• **Exercise goal**
Restate word for word the entries below, starting at the line with "In closing, now" and ending at the line with "The Mendix Assist". Keep both end lines and omit the pictures.

• **Exercise inputs**
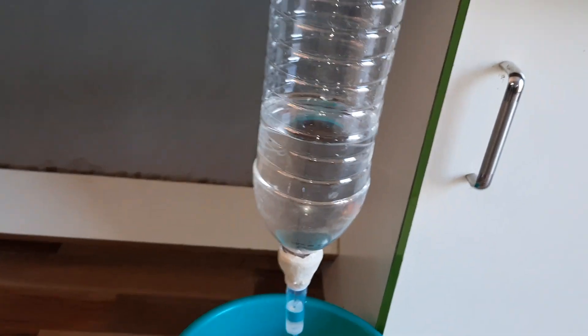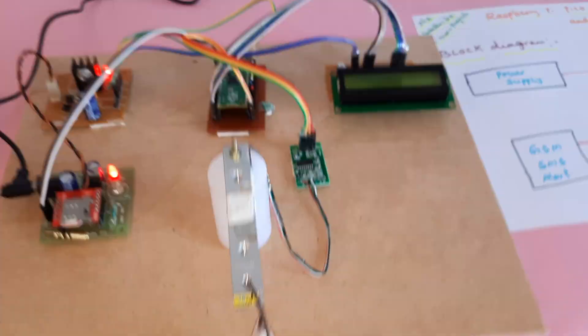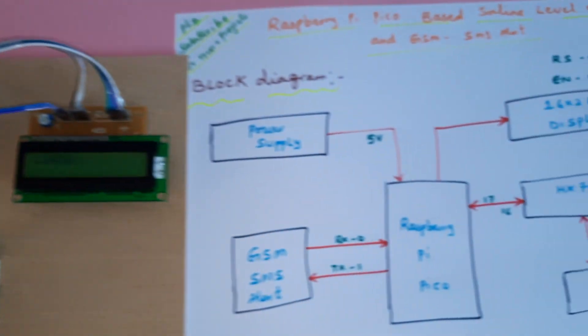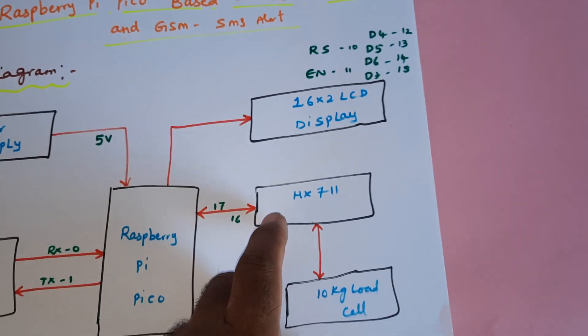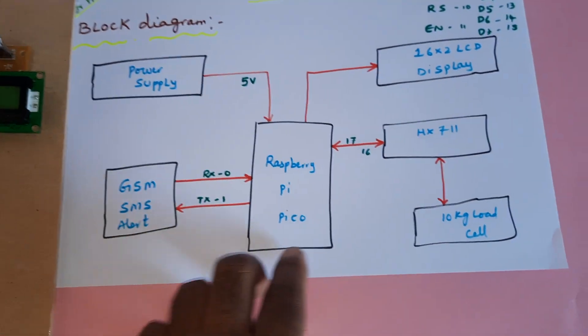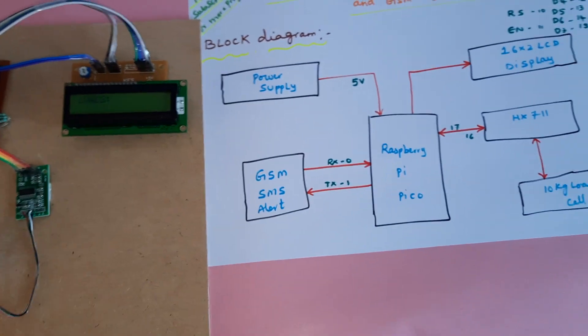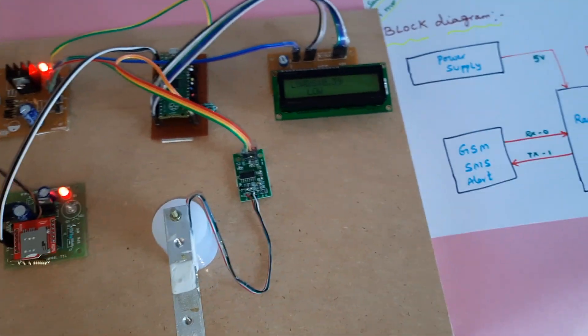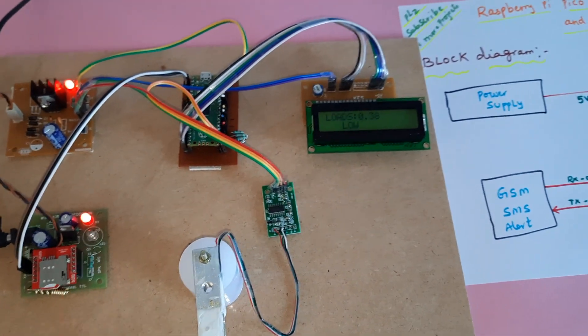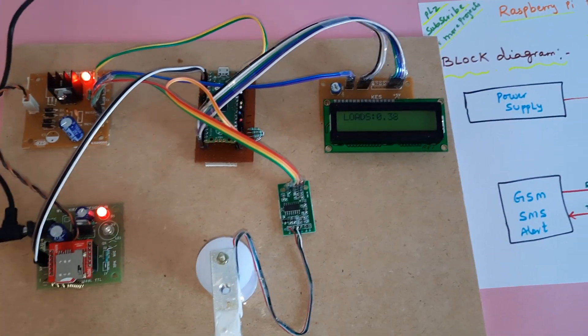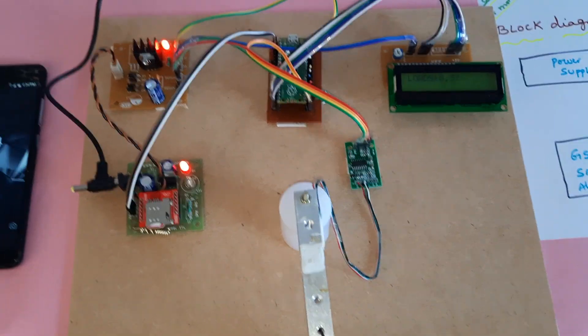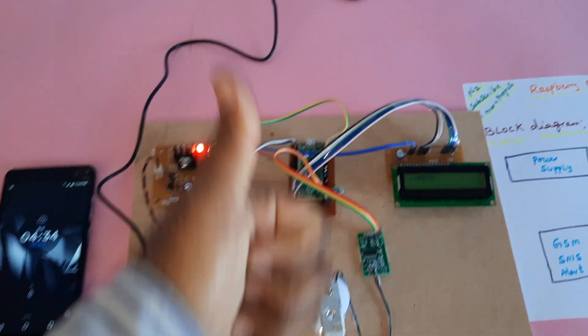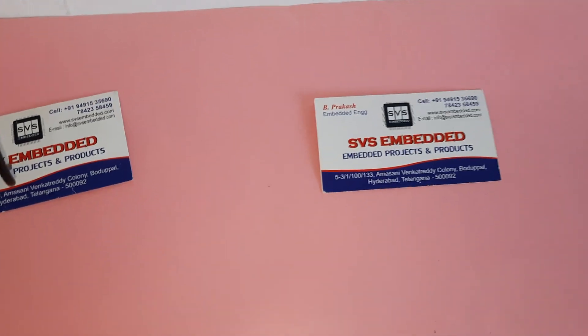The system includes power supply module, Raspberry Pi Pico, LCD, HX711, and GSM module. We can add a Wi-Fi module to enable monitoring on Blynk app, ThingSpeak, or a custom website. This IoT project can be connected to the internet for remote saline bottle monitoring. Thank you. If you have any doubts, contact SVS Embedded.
---
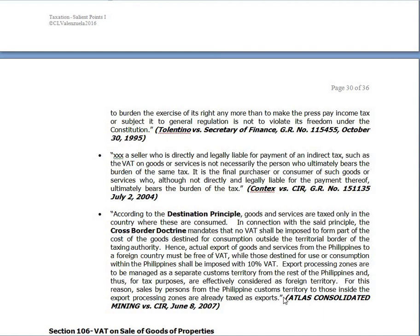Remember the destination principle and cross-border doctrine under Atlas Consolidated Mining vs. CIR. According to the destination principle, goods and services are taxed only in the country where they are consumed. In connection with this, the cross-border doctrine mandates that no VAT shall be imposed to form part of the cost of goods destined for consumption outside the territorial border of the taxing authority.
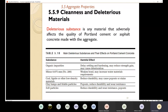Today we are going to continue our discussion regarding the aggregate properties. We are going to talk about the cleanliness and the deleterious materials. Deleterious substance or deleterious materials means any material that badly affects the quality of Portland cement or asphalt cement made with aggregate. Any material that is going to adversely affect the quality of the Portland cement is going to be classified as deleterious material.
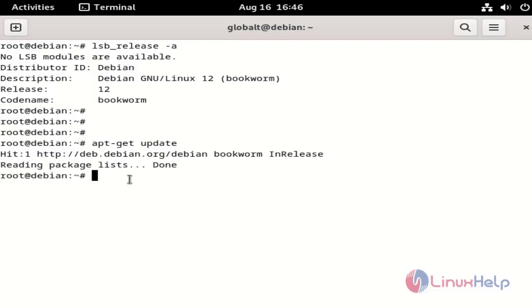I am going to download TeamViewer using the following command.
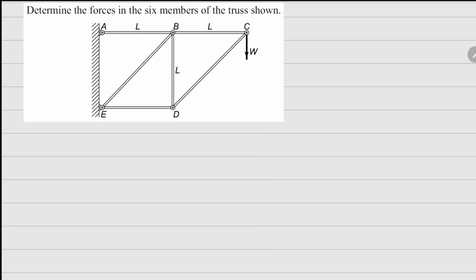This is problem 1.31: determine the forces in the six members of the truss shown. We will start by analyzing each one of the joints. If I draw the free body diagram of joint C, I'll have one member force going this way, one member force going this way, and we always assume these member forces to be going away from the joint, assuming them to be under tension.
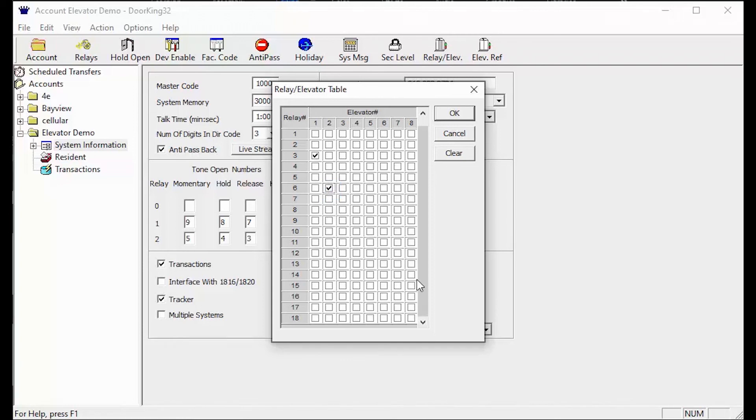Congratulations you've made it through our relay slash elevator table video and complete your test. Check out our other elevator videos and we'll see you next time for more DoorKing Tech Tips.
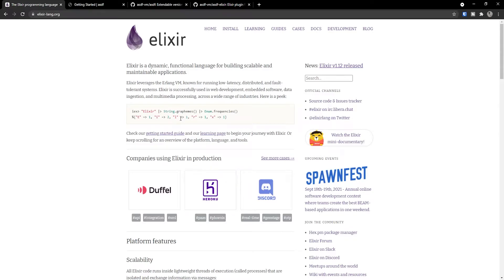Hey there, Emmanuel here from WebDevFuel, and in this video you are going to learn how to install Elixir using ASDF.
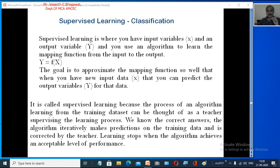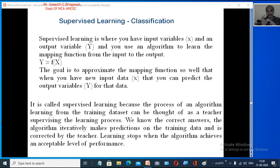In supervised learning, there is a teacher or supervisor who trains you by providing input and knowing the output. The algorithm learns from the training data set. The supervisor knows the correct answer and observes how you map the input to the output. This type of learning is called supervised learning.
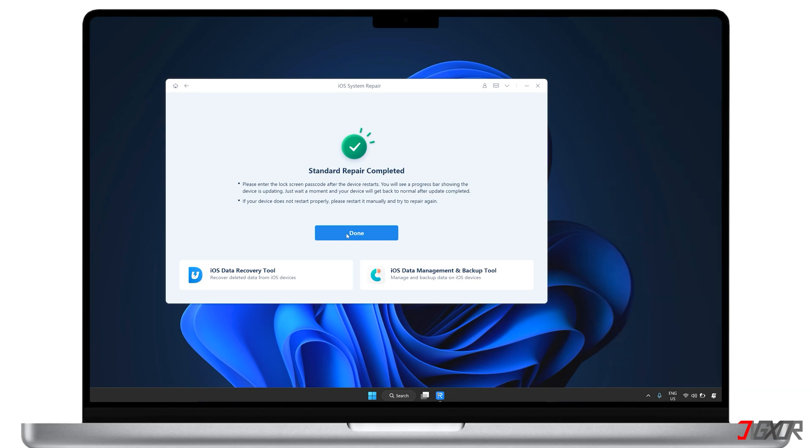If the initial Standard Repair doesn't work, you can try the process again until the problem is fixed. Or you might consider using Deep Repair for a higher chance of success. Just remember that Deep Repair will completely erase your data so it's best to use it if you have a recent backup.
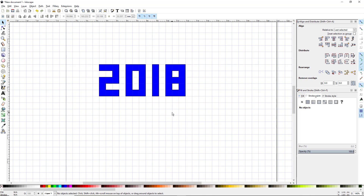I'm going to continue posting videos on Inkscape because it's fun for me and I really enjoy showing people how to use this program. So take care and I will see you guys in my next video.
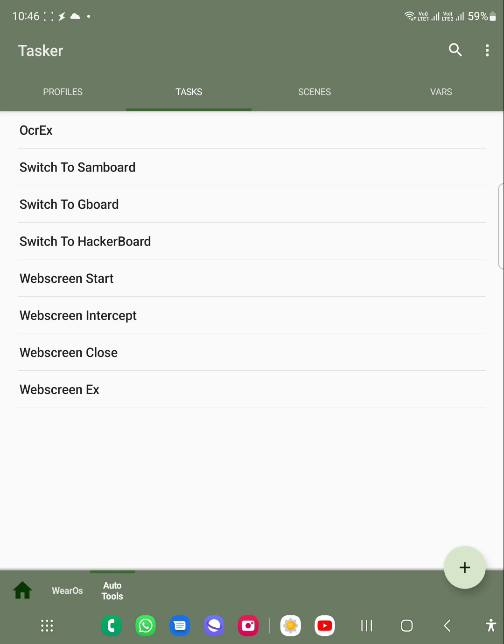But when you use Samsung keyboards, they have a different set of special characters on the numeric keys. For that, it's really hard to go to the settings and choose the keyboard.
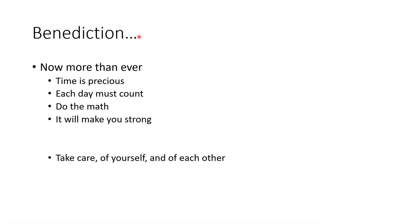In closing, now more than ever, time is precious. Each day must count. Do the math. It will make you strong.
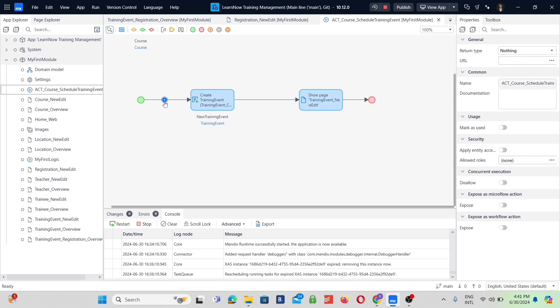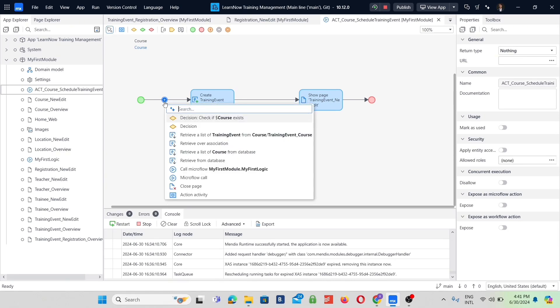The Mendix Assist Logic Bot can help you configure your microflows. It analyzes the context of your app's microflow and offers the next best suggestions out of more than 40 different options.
---
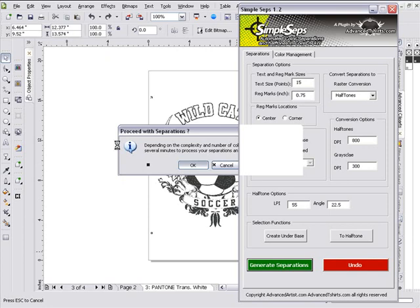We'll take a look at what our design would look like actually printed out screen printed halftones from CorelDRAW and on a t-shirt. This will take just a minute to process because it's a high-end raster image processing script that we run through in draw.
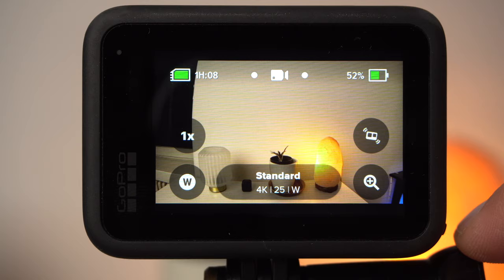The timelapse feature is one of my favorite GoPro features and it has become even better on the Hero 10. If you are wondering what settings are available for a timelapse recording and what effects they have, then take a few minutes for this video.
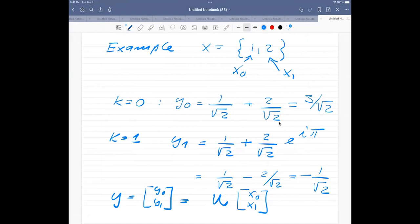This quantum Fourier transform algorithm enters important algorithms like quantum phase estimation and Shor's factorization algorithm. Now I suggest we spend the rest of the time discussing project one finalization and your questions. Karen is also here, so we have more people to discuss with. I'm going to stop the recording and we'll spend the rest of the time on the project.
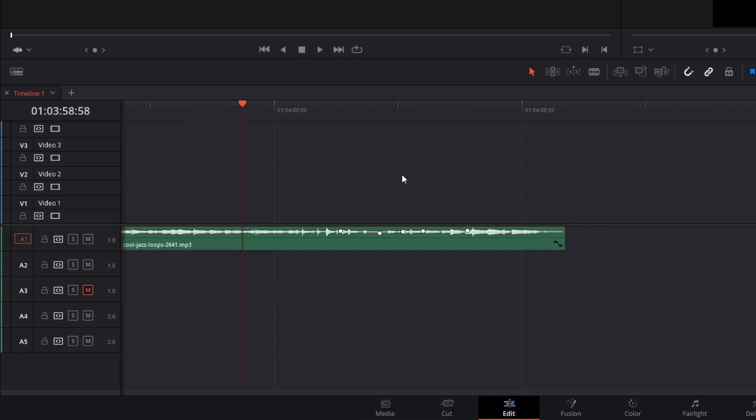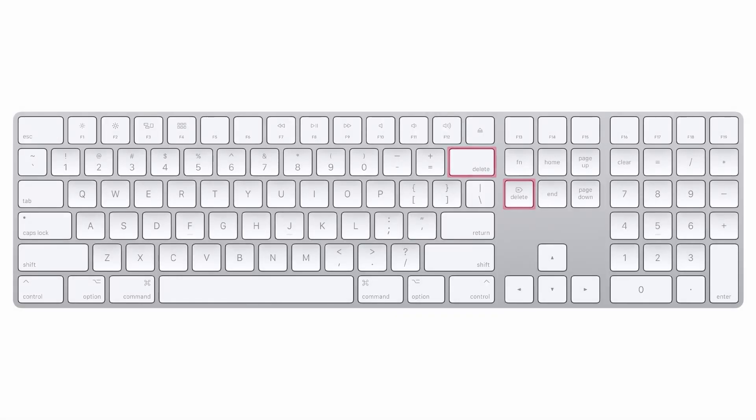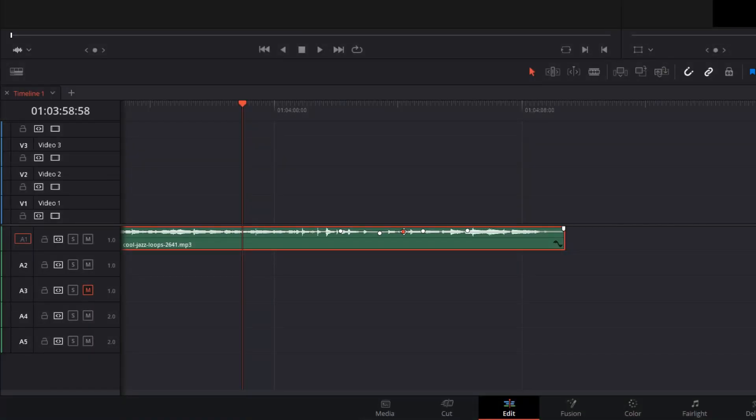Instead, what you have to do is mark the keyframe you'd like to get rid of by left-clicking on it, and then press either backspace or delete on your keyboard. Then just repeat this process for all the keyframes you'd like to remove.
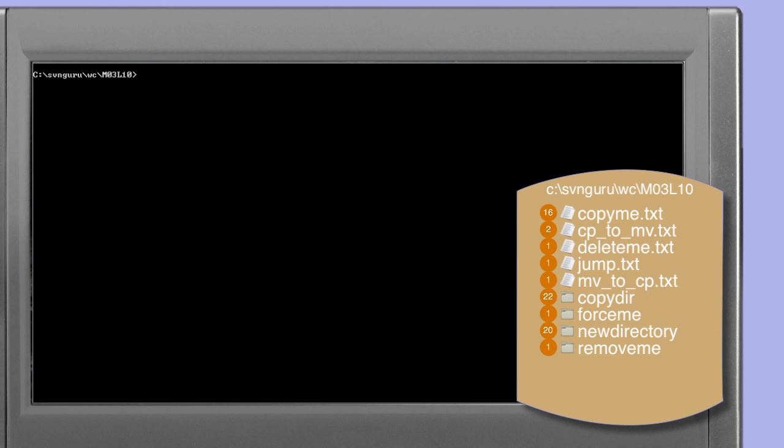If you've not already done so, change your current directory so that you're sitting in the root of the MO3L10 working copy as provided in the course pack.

• **Answer to the exercise**
In closing, now more than ever, time is precious. Each day must count. Do the math. It will make you strong.
The Mendix Assist Logic Bot can help you configure your microflows. It analyzes the context of your app's microflow and offers the next best suggestions out of more than 40 different options.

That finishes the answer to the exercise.